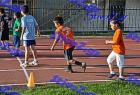 kalamata_486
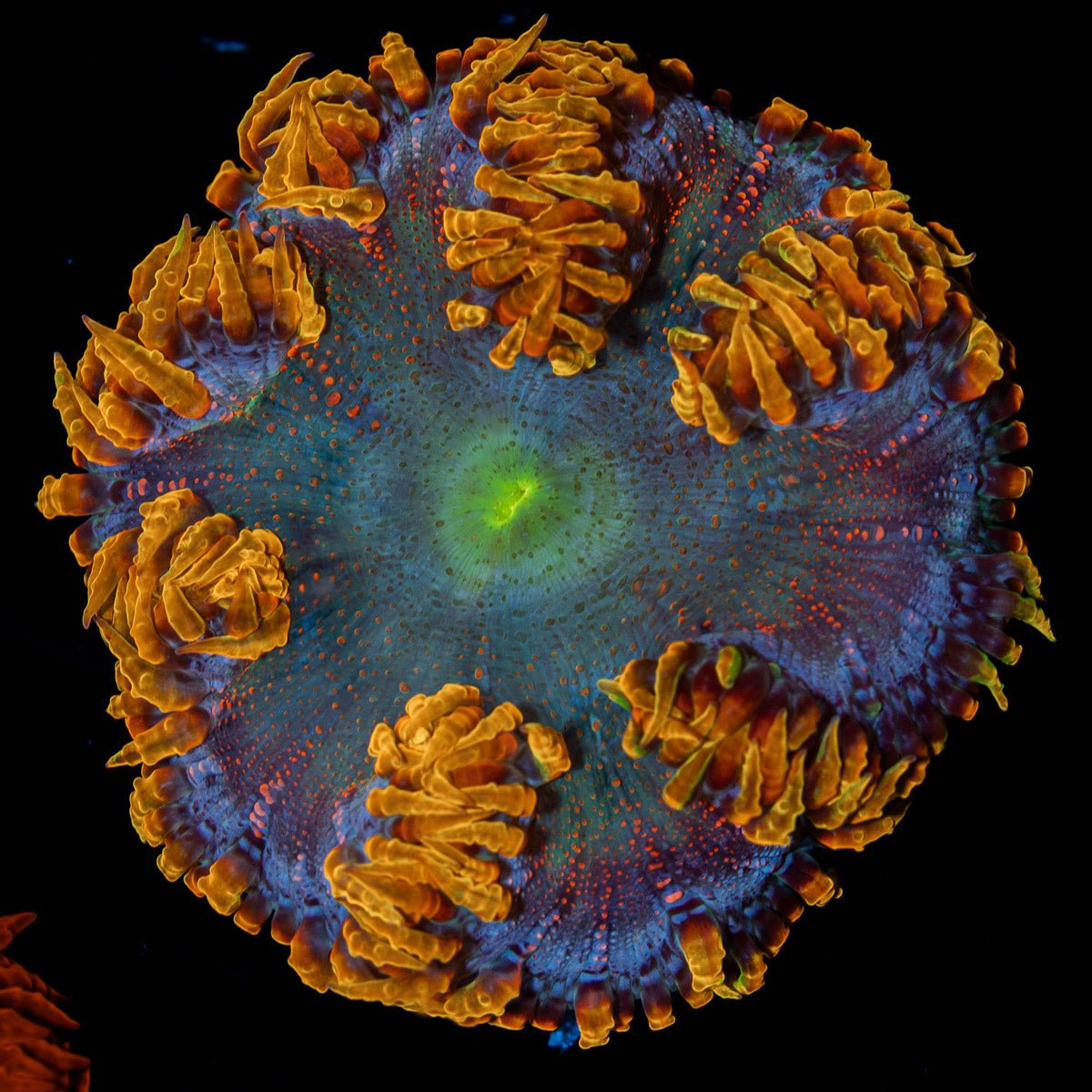 Ultra Rock Flower Anemone with colorful oral disc in reef aquarium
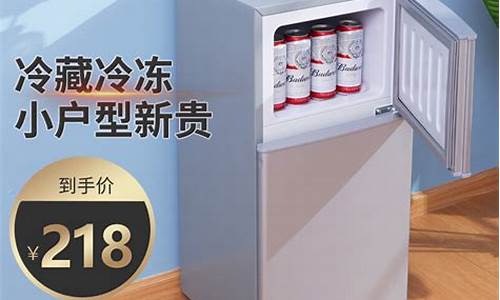 家用小冰箱500元以下什么牌子好-家用小冰箱300 500元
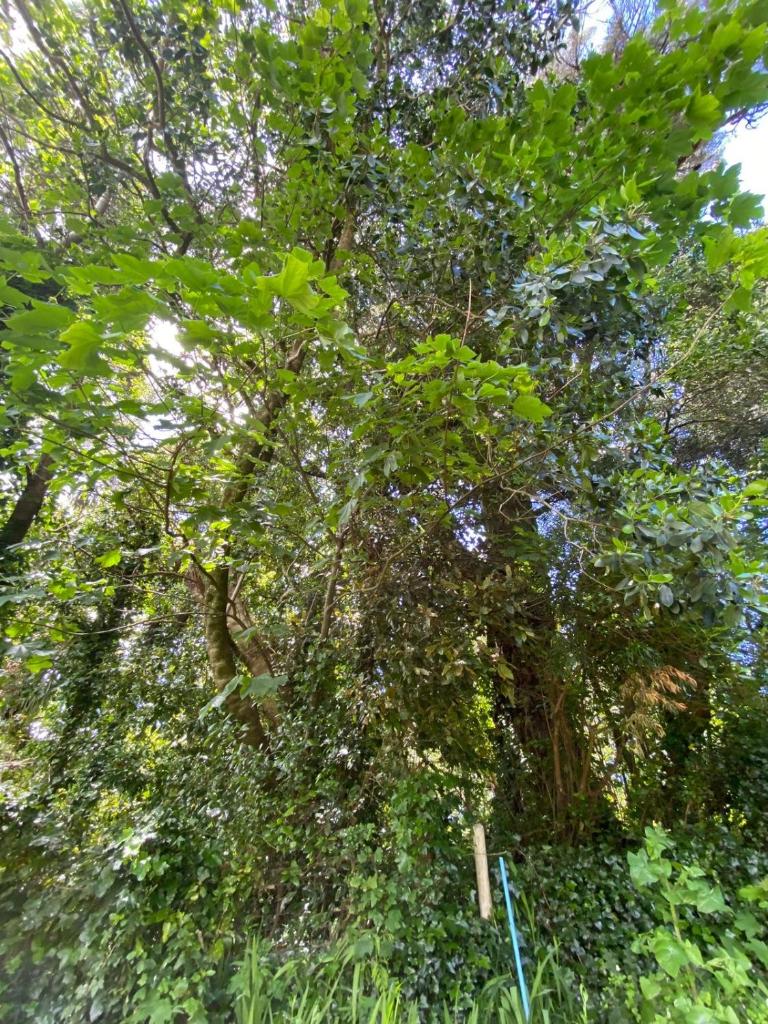 Huairavo photo 3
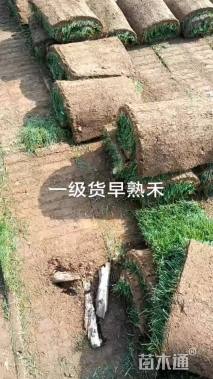 草卷状早熟禾草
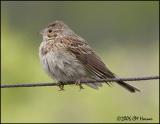 3217 Vesper Sparrow.jpg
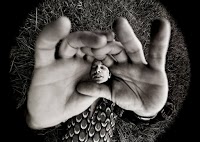 Annabel Moeller Photography 451344 Image 2
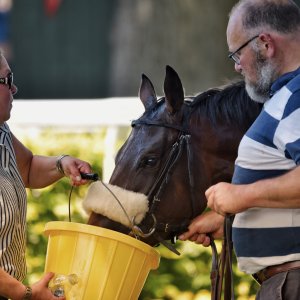Ripon | Go Racing Yorkshire | 16/7/22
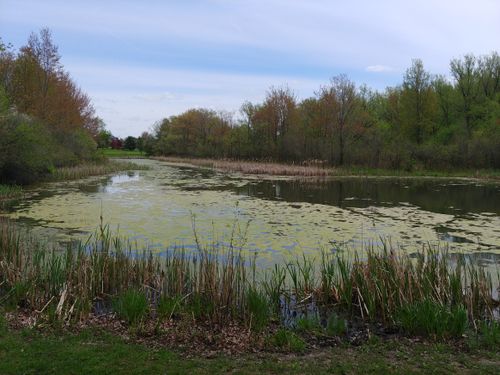 are dogs allowed at birdsong nature trails orchard park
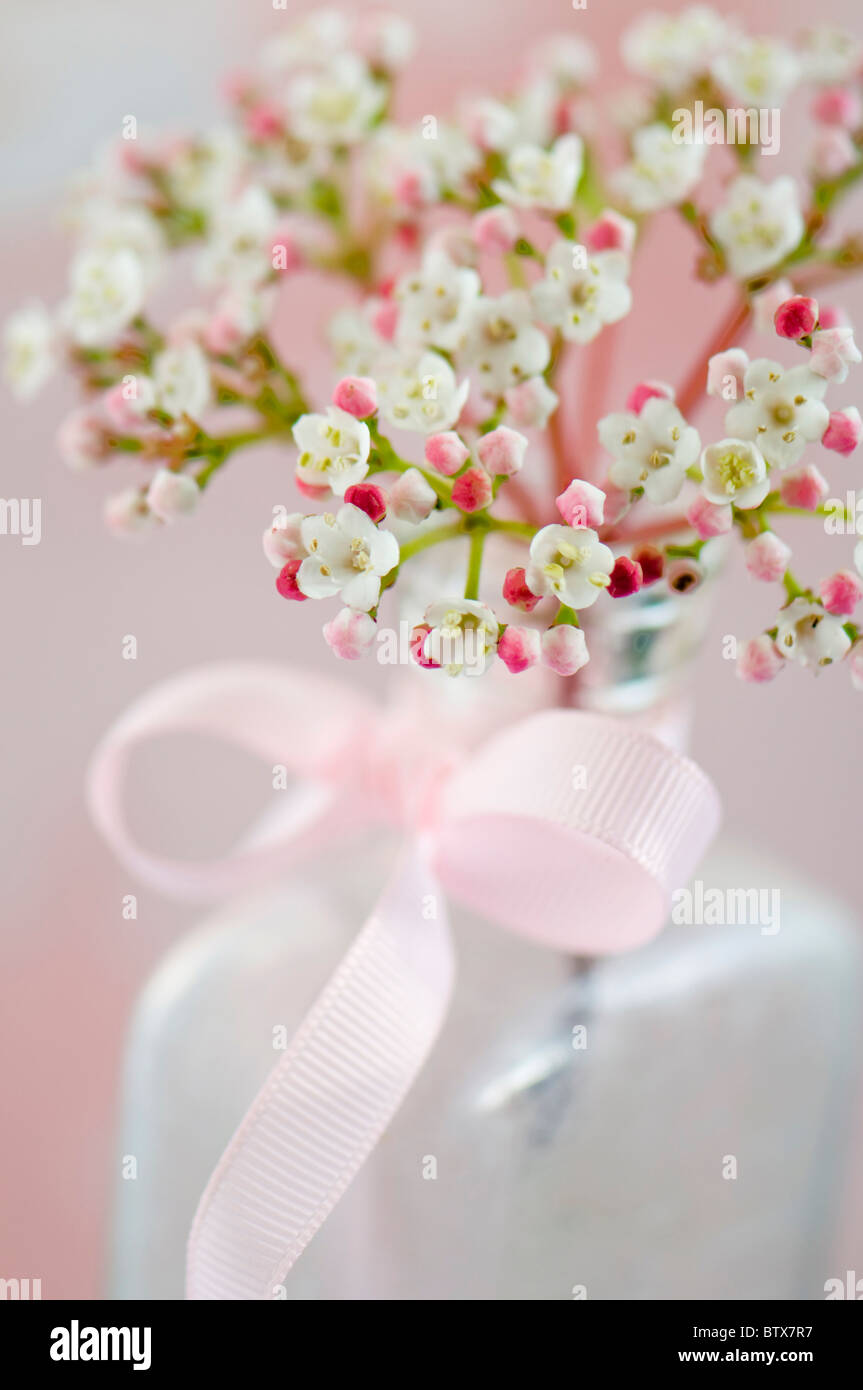 Viburnum fiori in vaso con fiocco rosa Foto Stock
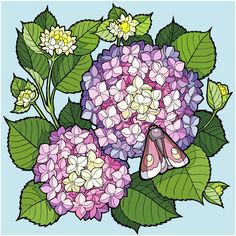 a butterfly sitting on top of a bunch of purple and white flowers with green leaves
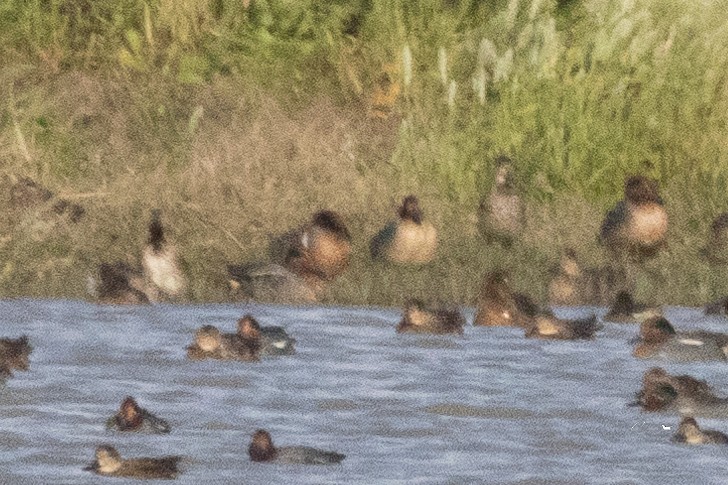 小水鴨(carolinensis) - ML615261089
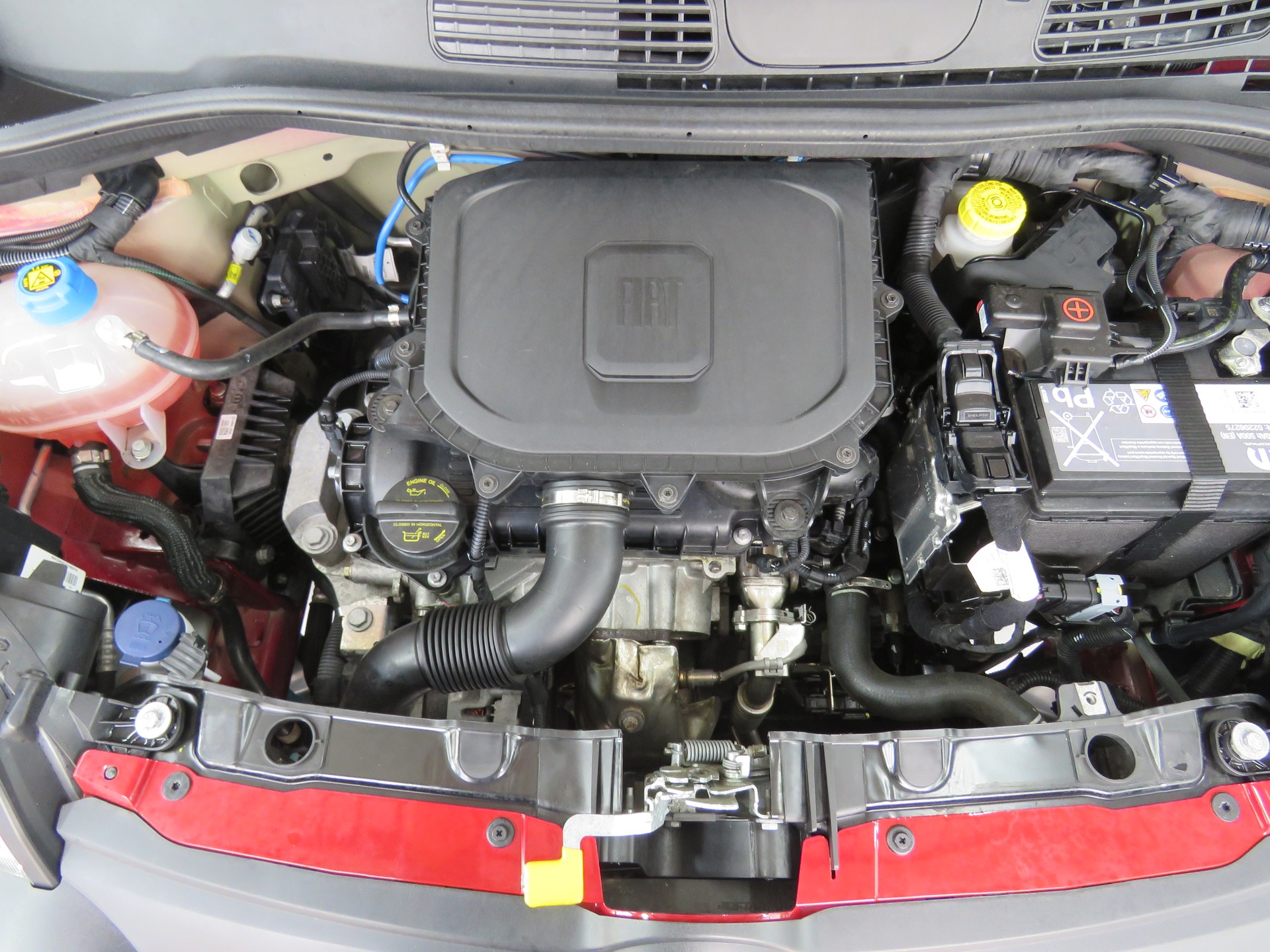 FIAT Panda 1.0 MHEV RED-image-20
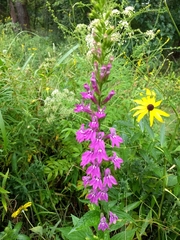 Lobelia × speciosa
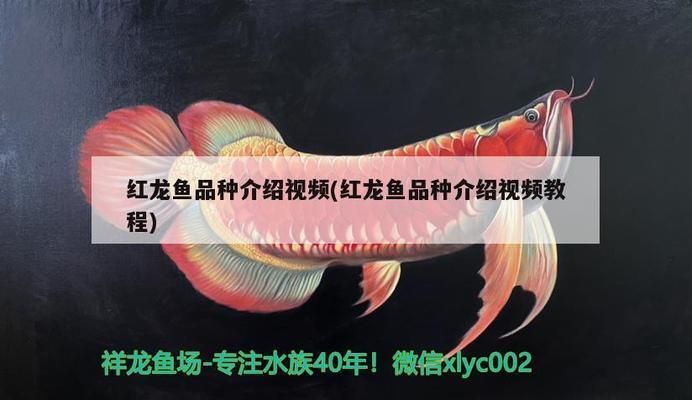 龍魚的tds指標(biāo)：tds值對于養(yǎng)殖龍魚的重要性以及如何管理和維持tds值 龍魚百科 第2張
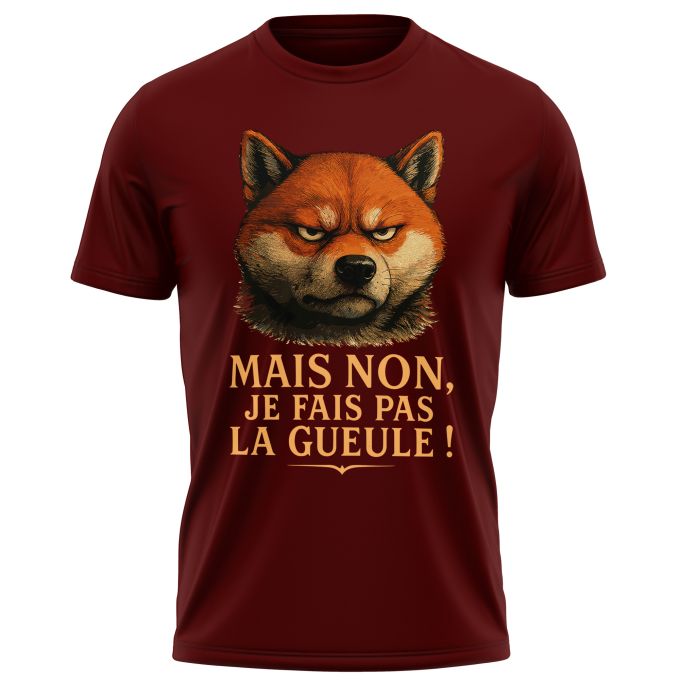 T-Shirt Homme de qualité supérieure (matériau de personnalisation haut de gamme, imprimé en France)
•••••
**What to work on**
Skip all pictures. Copy exactly the lines from the one containing "龍魚的tds指標(biāo)：tds值對于養(yǎng)殖龍魚的重要性以及如何管理和維持tds值 龍魚百科 第2張" through the end of the records, both ends included.

**Exercise solution**
 龍魚的tds指標(biāo)：tds值對于養(yǎng)殖龍魚的重要性以及如何管理和維持tds值 龍魚百科 第2張
 T-Shirt Homme de qualité supérieure (matériau de personnalisation haut de gamme, imprimé en France)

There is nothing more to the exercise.